No fim, o filme deixa uma impressão ambígua. É ao mesmo tempo uma experiência empolgante e uma oportunidade perdida. Edgar Wright entrega um espetáculo tecnicamente impecável, repleto de estilo e energia, mas que parece hesitar diante da própria ousadia. Faltou a coragem de escolher entre o sarcasmo mordaz e o pessimismo existencial do material original. Ainda assim, “O Sobrevivente” é um filme que vale a pena ser visto, especialmente pela maneira como reflete, ainda que de forma imperfeita, a ansiedade de um mundo em que a verdade é maleável e a violência se tornou entretenimento.

Ao apagar das luzes, o que fica é uma sensação paradoxal. O público se diverte com o ritmo frenético, ri das piadas ácidas e se encanta com o espetáculo, mas sai do cinema com a impressão de que algo essencial ficou de fora.
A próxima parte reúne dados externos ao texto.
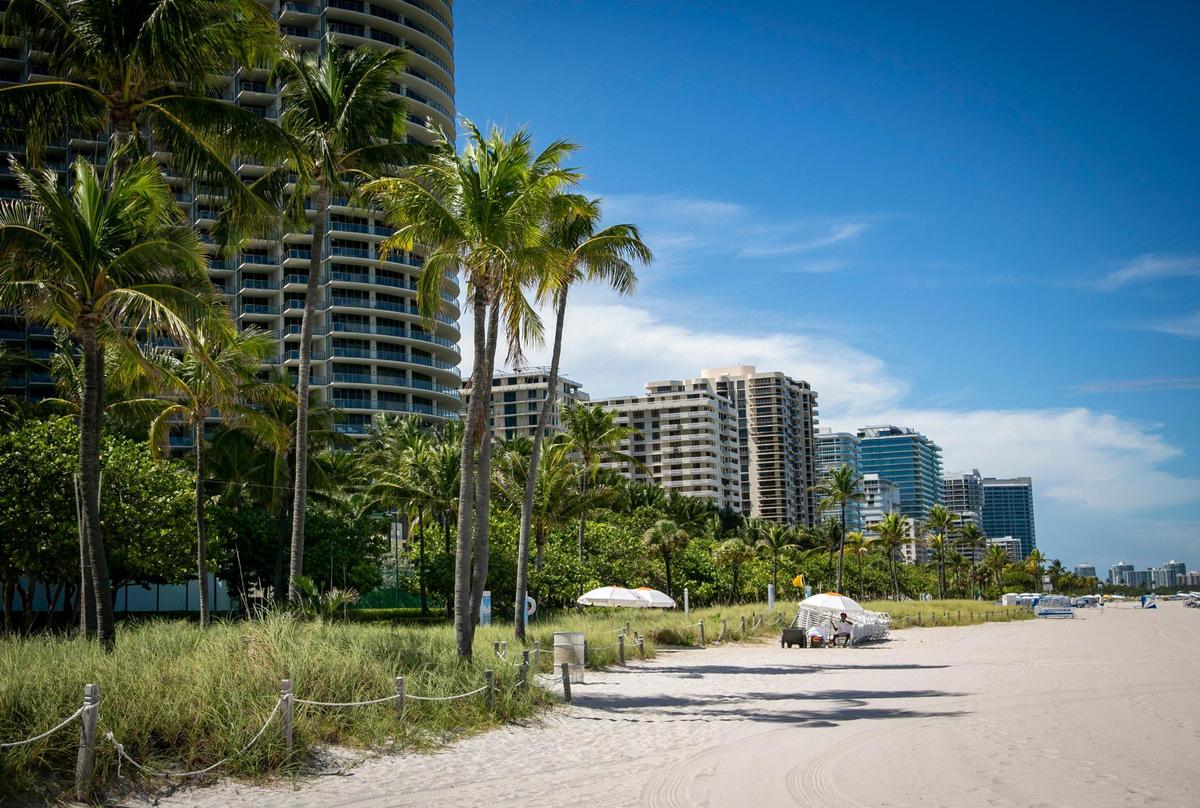 Surfside experimentó la segunda mayor caída en las ventas de condominios durante la primera mitad de 2022 en comparación con el mismo período del año anterior. Arriba: Edificios de condominios salpican la costa de Surfside.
É como se o próprio filme tivesse sido capturado pela lógica que critica, um produto visualmente deslumbrante, feito para entreter as massas, mas que, no fundo, não consegue escapar das engrenagens da sociedade que satiriza. Ainda assim, por sua ambição, estilo e relevância, “O Sobrevivente” de Edgar Wright reafirma o talento de um diretor que continua a encontrar beleza, humor e energia até mesmo nas distopias mais sombrias.